QCOSTARCIA – On February 19, the Legislative Assembly approved in a second debate the creation of the Costa Rican Space Agency (AEC). However, the law promoted by the legislator of the Partido Liberacion Nacional (PLN), Aida Montiel, has been the subject of criticism.
But this Wednesday the retired scientist and former NASA astronaut, Franklin Chang-Díaz, assured that this new entity is necessary for the well-being of the country. That is why he urged president Carlos Alvarado to sign the law instead of vetoing it.
“The project, launched in 2019, catapults our country to the front and center of the space age with unimaginable opportunities for our youth and future generations in new industries and skills of immense value to our economy.
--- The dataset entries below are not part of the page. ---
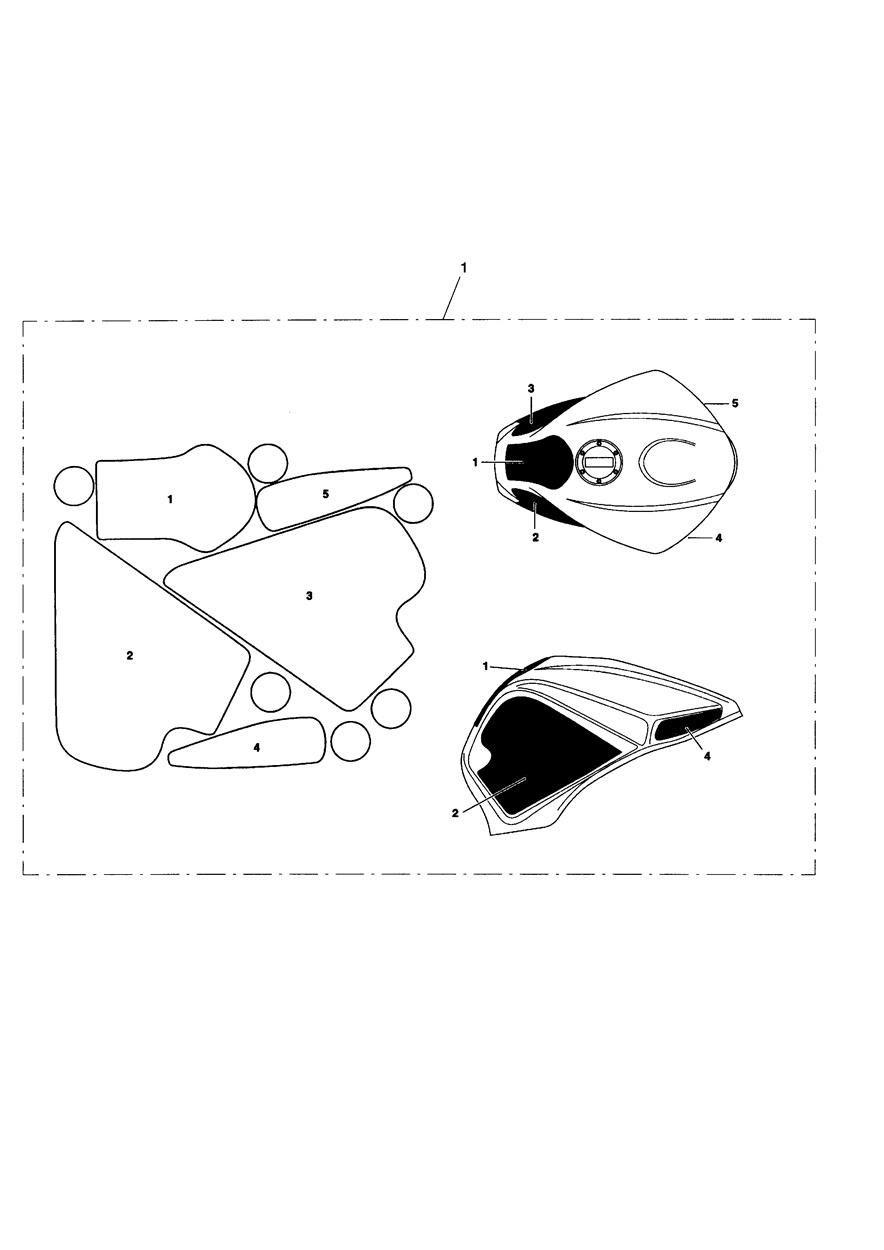 KIT DE PROTECTION PEINTURE TYPE 5 BRILLANT POUR DAYTONA 675 A1 2009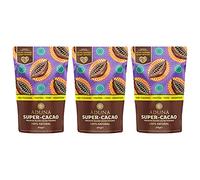 Aduna Organic Super-Cacao Powder | 100% Pure Raw Cacao for Heart Health & Energy Support | Natural Vegan Source of Magnesium, Flavanols & Iron | Superfood for Hot Chocolate, Baking & More | 3 x 275g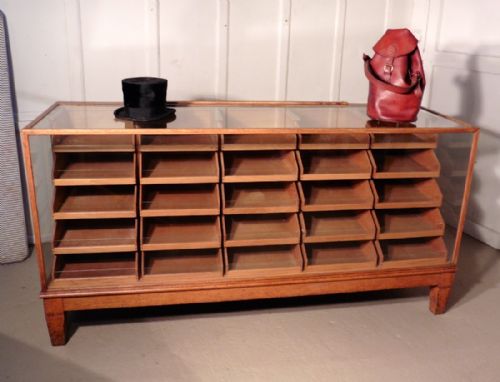 Vintage Art Deco Haberdashery Shop Counter, Shop Display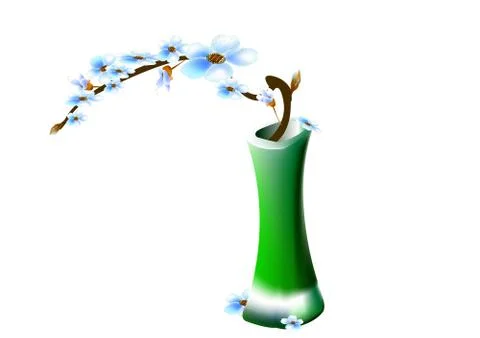 Cherry blossoms Stock Illustration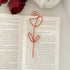 Rose Bookmark: Handmade Wire Gift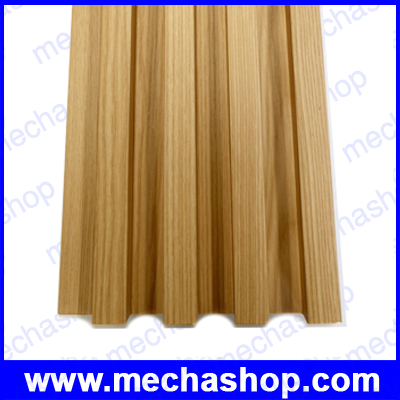 Great Wall Board ไม้เทียม ผนังไม้เทียมตกแต่งบ้าน ตกแต่งผนัง Size: 160x2900mm 24mm Raw Material: Virgin color RF-105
“In a few days we will reach that crossroads and our country must be prepared to play the role that corresponds to it with the appropriate instruments. The Space Agency is one of them. It is necessary. We must not back down. The law should not be vetoed,” Chang pointed out through social networks.
For the founder of the Ad Astra Rocket space company, the AEC can be implemented in a “responsible” way.
The former astronaut assures that “with a small human team that operates both with agility and ownership”, the new institution could promote an increase in Foreign Direct Investment (FDI) in the country.
As an example of this, he highlighted the incursion of the aerospace industry company, Leolabs, in Costa Rica. Precisely, this satellite population mapping and monitoring service provider announced in July 2020 its arrival in Costa Rica.
“A crisis should not be wasted. The Space Agency is necessary to sign agreements and open doors, especially to our youth. No law is perfect. The most important thing is to move forward.
Chang recalled the phrase “for what tractors without violins?” of former president José Figueres Ferrer, in 1972, during the delivery of instruments to the National Symphony Orchestra at a time when the country was in the middle of an economic crisis.
Chang added that, in 1958, the creation of the United States Space Agency (NASA) was severely questioned. This because the United States was mired in a recession after World War II.
However, a decade later, it managed to place the first human being on the moon.
During the last two weeks, criticism of this initiative increased after its approval. These are focused on financing the new institution.